In this interview, Michael Wang, MD, comments on ATALANTA-1 trial data presented at ASH 2025. He highlights the trial’s exceptional efficacy, with a 100% overall response rate and complete responses observed in up to 89% of treated patients. These outcomes underscore the therapy’s strong antitumor activity, particularly when paired with encouraging durability of response.

A major distinguishing feature of the ATALANTA-1 product is its rapid manufacturing process. The reported vein-to-vein time of approximately 7 days represents a substantial improvement over conventional autologous CAR T therapies, which typically require 2 to 3 weeks for cell production. This shortened timeline is clinically meaningful, especially for patients with aggressive disease who may not tolerate extended delays.

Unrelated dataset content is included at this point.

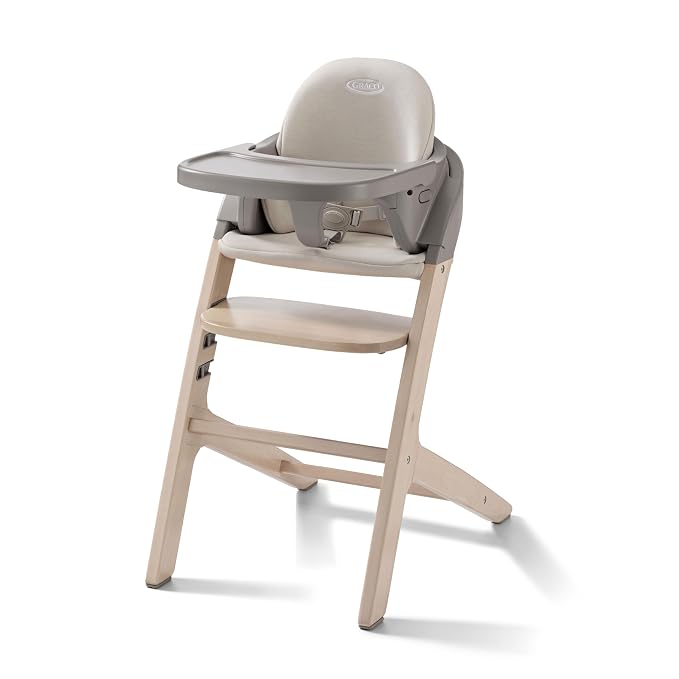 Graco Close2Baby 3-in-1 Highchair (Rue) - Kidsy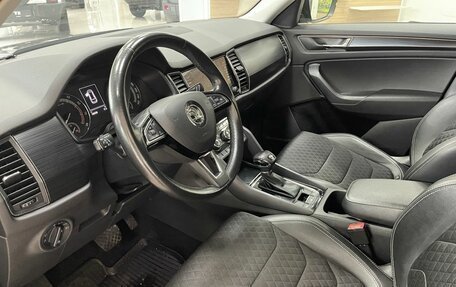 Skoda Kodiaq I, 2019 год, 2 650 000 рублей, 12 фотография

Wang places the ATALANTA-1 findings within the broader context of CAR T-cell development, where significant interest has shifted toward allogeneic, “off-the-shelf” products designed to reduce cost and logistical complexity. However, he cautions that, despite their promise, allogeneic CAR T-cell therapies have not yet matched the efficacy or durability achieved with autologous approaches. In his view, ATALANTA-1 represents a fast, highly effective autologous CAR T therapy.

Wang also acknowledges emerging platforms such as CAR NK cells and in vivo CAR T technologies but notes these remain investigational. Overall, the ATALANTA-1 data reinforce that optimized autologous CAR T therapy continues to set the standard as cellular therapy rapidly evolves.